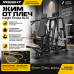 Жим от плеч Insight Fitness BL35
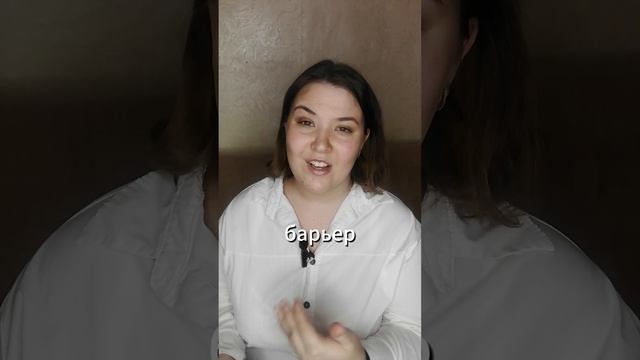 Фразы, которые разрушают отношения💔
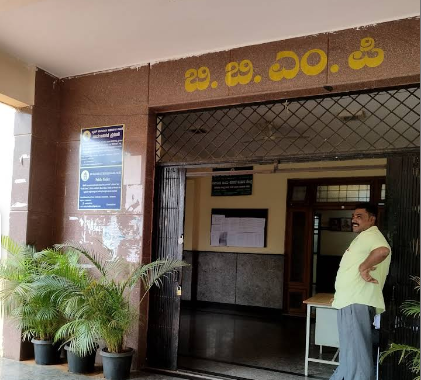 Image of BBMP e-Khata Correction in Jakkur Ward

§ REQUIRED WORK: Leave the pictures out and set down the rest of the listing above exactly.

§ TASK RESULT:
 Жим от плеч Insight Fitness BL35
 Фразы, которые разрушают отношения💔
 Image of BBMP e-Khata Correction in Jakkur Ward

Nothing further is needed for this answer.